**DATA**
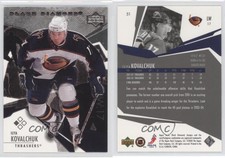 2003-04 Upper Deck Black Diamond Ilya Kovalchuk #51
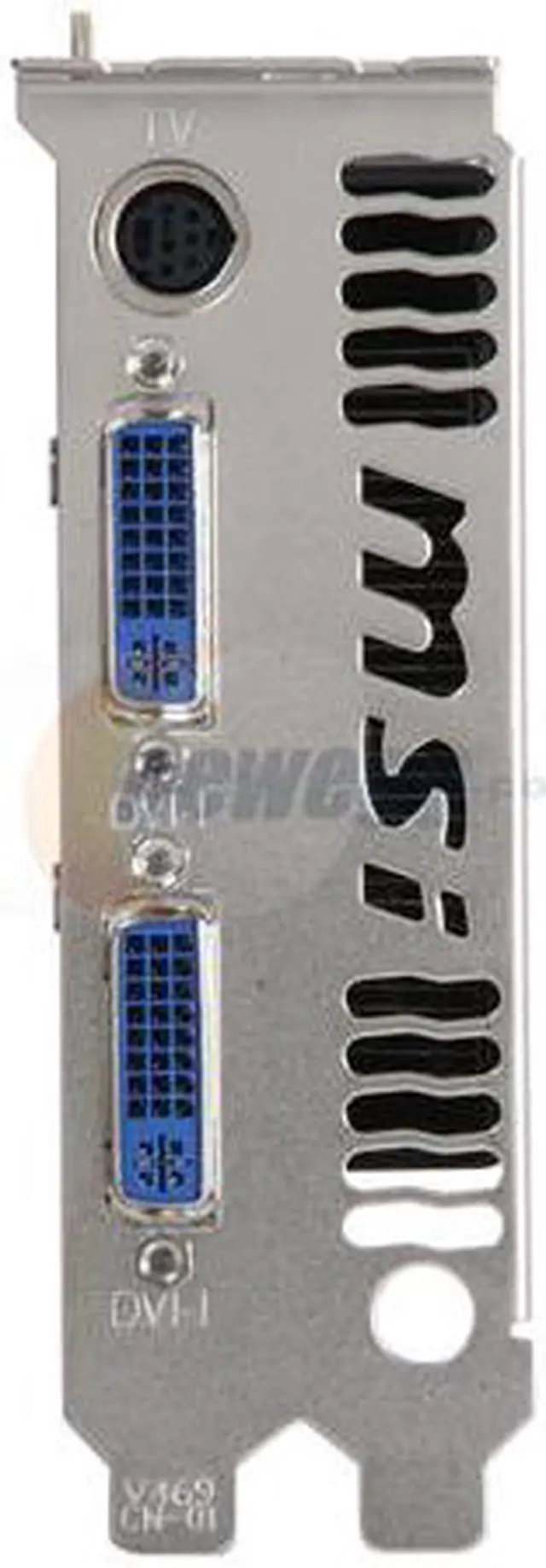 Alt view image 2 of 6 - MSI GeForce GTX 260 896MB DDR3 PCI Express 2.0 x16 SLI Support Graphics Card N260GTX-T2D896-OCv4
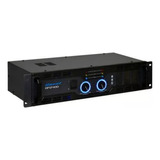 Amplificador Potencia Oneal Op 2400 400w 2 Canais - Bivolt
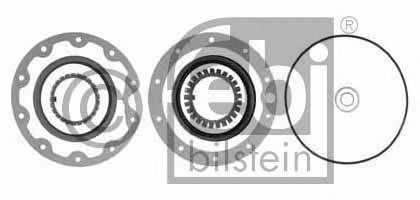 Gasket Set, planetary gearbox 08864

**WHAT YOU SHOULD DO**
Everything in the material except the pictures should be output verbatim.

**EXERCISE RESULT**
 2003-04 Upper Deck Black Diamond Ilya Kovalchuk #51
 Alt view image 2 of 6 - MSI GeForce GTX 260 896MB DDR3 PCI Express 2.0 x16 SLI Support Graphics Card N260GTX-T2D896-OCv4
 Amplificador Potencia Oneal Op 2400 400w 2 Canais - Bivolt
 Gasket Set, planetary gearbox 08864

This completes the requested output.